La dizione corrente di storia dell’arte ha una sua tradizione secolare e un radicato fascino, ma oggi la storia dell’arte non è più quella che aveva formalizzato la riforma Gentile sul modello neoidealistico di personalità e geni: è un albero assai più ricco e complesso che non esclude le grandi figure.

Ai fini didattici in primo luogo adotterei il plurale arti, capace di inserire segmenti espressivi che non sono compresi nelle canoniche pittura, architettura e scultura, ma che pure sono parte essenziale – come la fotografia e il cinema – della nostra quotidiana esperienza.

Ancora. Il nostro è un paese che si riconosce dal paesaggio che ci circonda e dalle città in cui viviamo: essi sono scena essenziale di tele e affreschi, e compaiono in foto e in film. Tanto che Paesaggi e Città sono l’espressione più immediata e riconoscibile della nostra civiltà ed essi – nella loro smagliante varietà – sono koiné visiva della nostra identità nazionale: in essa siedono Cimabue e Antelami, Juvarra e Canova, Boccioni e Terragni. Sono specchi i termini evocati che si riflettono l’uno nell’altro in un caleidoscopio di rimandi che bisogna imparare a riconoscere e a leggere.

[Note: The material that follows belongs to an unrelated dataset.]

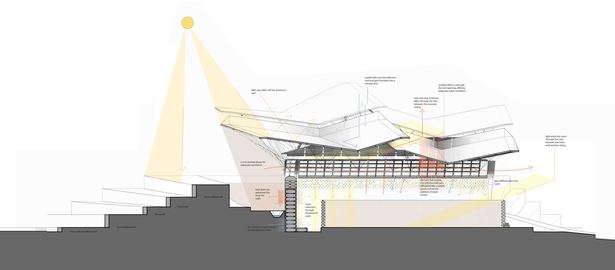 Short section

Sperando nel consenso dell’ANISA, meritevolissima associazione degli insegnanti di storia dell’arte, mi permetto di avanzare la seguente proposta: che il venturo e tutto da rifondare insegnamento possa assumere la seguente dizione: Storia delle arti e dei paesaggi, dove con paesaggi s’intende sia quello naturale che quello urbano.